Il consumo di alimenti a base di tartufo, specialmente nel periodo invernale, è in continuo aumento ed è lecito chiedersi se questi siano etichettati correttamente e, soprattutto, che qualità di tartufo viene utilizzata come ingrediente. Ci ha pensato un attento monitoraggio del CVUA di Stoccarda. Il risultato? Le frodi corrono soprattutto on line

I tartufi sono davvero sempre usati per i prodotti al tartufo? Questi alimenti sono etichettati correttamente? I tartufi costosi sono usati come ingrediente?
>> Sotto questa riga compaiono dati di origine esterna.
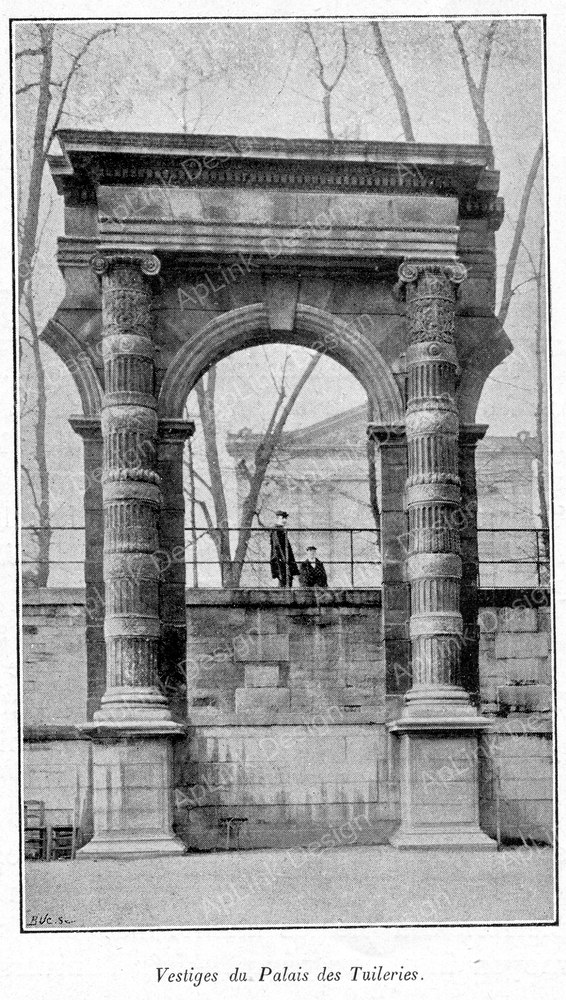 Clément Maurice Paris en plein air, BUC, 1897,060Vestiges du Palais des Tuileries.jpg — パリの古写真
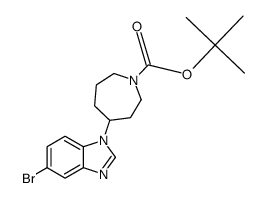 叔-丁基 4-(5-溴-1H-苯并[d]咪唑-1-基)吖庚环-1-甲酸基酯结构式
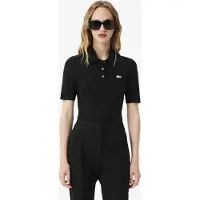 Lacoste Short Sleeve Polo Black Size: 40 | Polo Shirts Outlet | Dames | Zwart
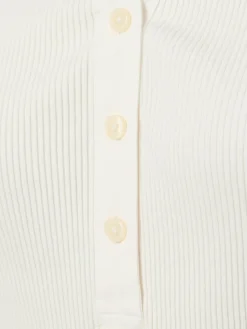 Marc O'Polo Shirts & Tops*Damen Poloshirt ecru uni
Sono queste le tre domande alle quali ha cercato di dare una risposta il monitoraggio effettuato dal 2019 al 2021 dagli esperti del CVUA di Stoccarda che hanno preso in esame 68 alimenti di origine animale con claims “al tartufo” e 26 alimenti che vantano il prezioso alimento acquistati on line.
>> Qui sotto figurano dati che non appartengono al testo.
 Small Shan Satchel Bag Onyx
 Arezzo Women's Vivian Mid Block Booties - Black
I ricercatori hanno potuto verificare che la frode è rara nella vendita al dettaglio. Il tasso di reclami relativi alle informazioni inesatte sul tartufo nei campioni acquistati on line era significativamente più alto (circa il 46%). La frode più comune ha a che fare con il bassissimo quantitativo di tartufo identificato negli alimenti che vantavano la presenza del costoso ingrediente in etichetta: stiamo palando di formaggi, carne, pizze o primi piatti a base di tartufo. Solo in due casi gli esperti di Stoccarda non sono stati in grado di rilevare  qualitativamente nessun tartufo.

Quanto alla specialità di tartufo più usata come ingredienti, il CVUA ha dimostrato che è il tartufo estivo quello di gran lunga più diffuso. Le analisi hanno rilevato la presenza di  tartufo estivo (T. aestivum) in 62 campioni, ovvero in quasi il 74% dei campioni. In etichetta, viene genericamente usata la parola “tartufo”.

Simile al tartufo nero (T. melanosporum), il tartufo estivo ha una buccia scura e quasi nera, ma non può essere chiamato tartufo nero.